Because the factors involved are dynamic rather than static qualities, the index requires that data in the information system be kept up to date (at least each quartile). Within the developmental system it was possible to arbitrarily vary weighting for each of the categories. It proved of interest that the variance in weighting chosen 8 [1] was identical to that empirically derived in the first model.

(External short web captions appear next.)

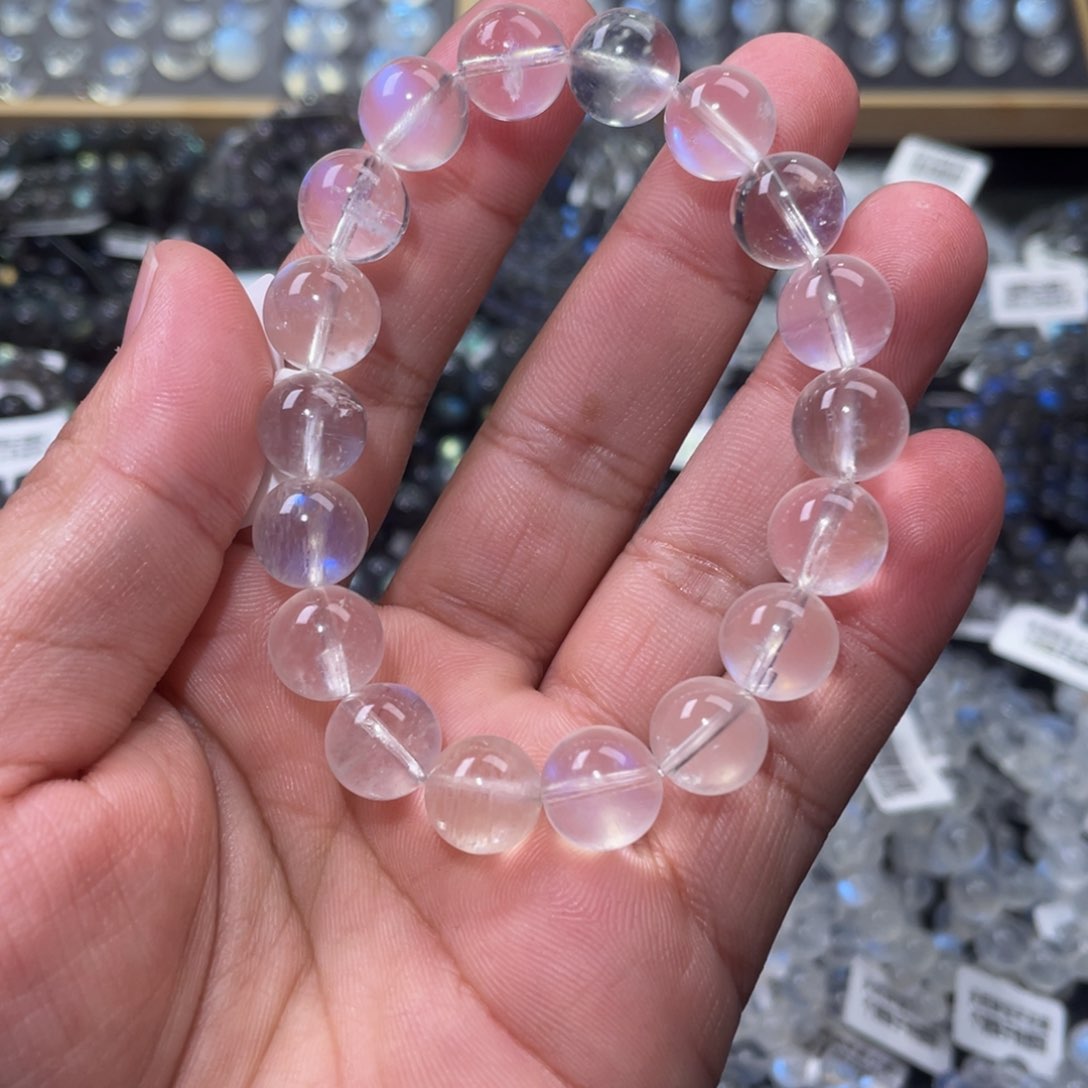 月光石手链未镶嵌咖*猫冰透体蓝月光手链11mm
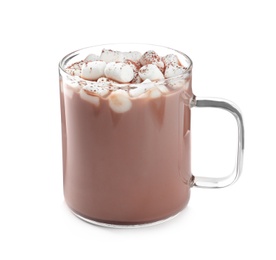 Photo of Hot drink with marshmallows in glass cup isolated on white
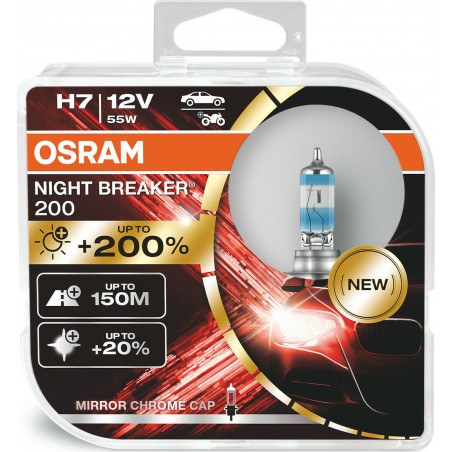 Λάμπες Osram H7 12V 55W Night Breaker 200 +200% Έξτρα Φως 64210NB200-HCB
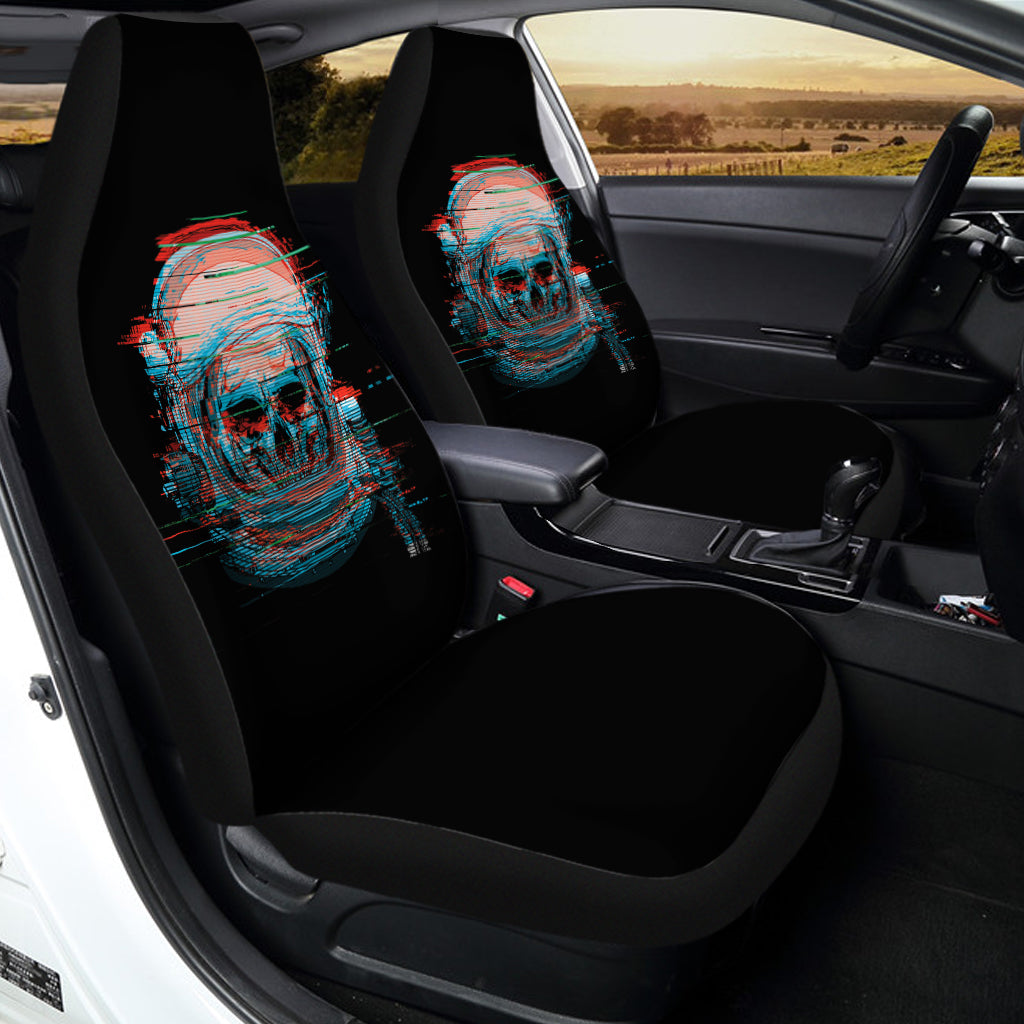 Digital Glitch Astronaut Skull Print Universal Fit Car Seat Covers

The CLI is a comparative index and does not entail normative standards for caseload levels.
Discussion
While it is clear that caseload is highly relevant to workforce planning, client service provision and staff management, it is far from clear as to the best procedure for determining caseload. We have identified seven factors that might be considered in a calculation. In each case, there are difficulties associated with either the validity of the factor or the reliable measurement of the factor. Decisions about the use of specific factors may also be influenced by the primary objective. If the main purpose is to optimize service efficiency, contact frequency may not be a useful measure. On the other hand, if the primary objective is to achieve workload equity, contacts and response difficulty may be very important.
It is also evident that, even where relevant factors can be identified, the quantification of these factors may be difficult. We have suggested that it is possible to develop caseload algorithms that can be used in calculating caseload. However, we must acknowledge that the quantification of some of the variables that are used in an algorithm is at best approximate. This would appear to be equally true of the approach reported by Meldrum and Yellowlees [18] where clinical complication and community liaison scores have unknown validity and reliability.
There is need for a great deal more research, designed to quantify the effect of the seven variables on workload and ultimately on client outcome. In the absence of such research, team leaders and service managers are required to make judgements, based on their experience and priorities, as to the extent to which the specified variables are considered in determining caseload. While we acknowledge the difficulties associated with this process, the importance for equity and efficiency means that difficulty is not sufficient excuse for failing to attend to caseload issues. The methodologies presented represent rational approaches to the problem and provide the service manager or team leader with tools that supplement those provided in the earlier work by Meldrum and Yellowlees [18].
What remains to be done is to implement and test algorithms, developed from the methodologies outlined here, over an extended period of time. We need empirical data concerning the impact of caseload management on both quality of client care and on the wellbeing of case managers. This process will facilitate progress from concept to clinical tool.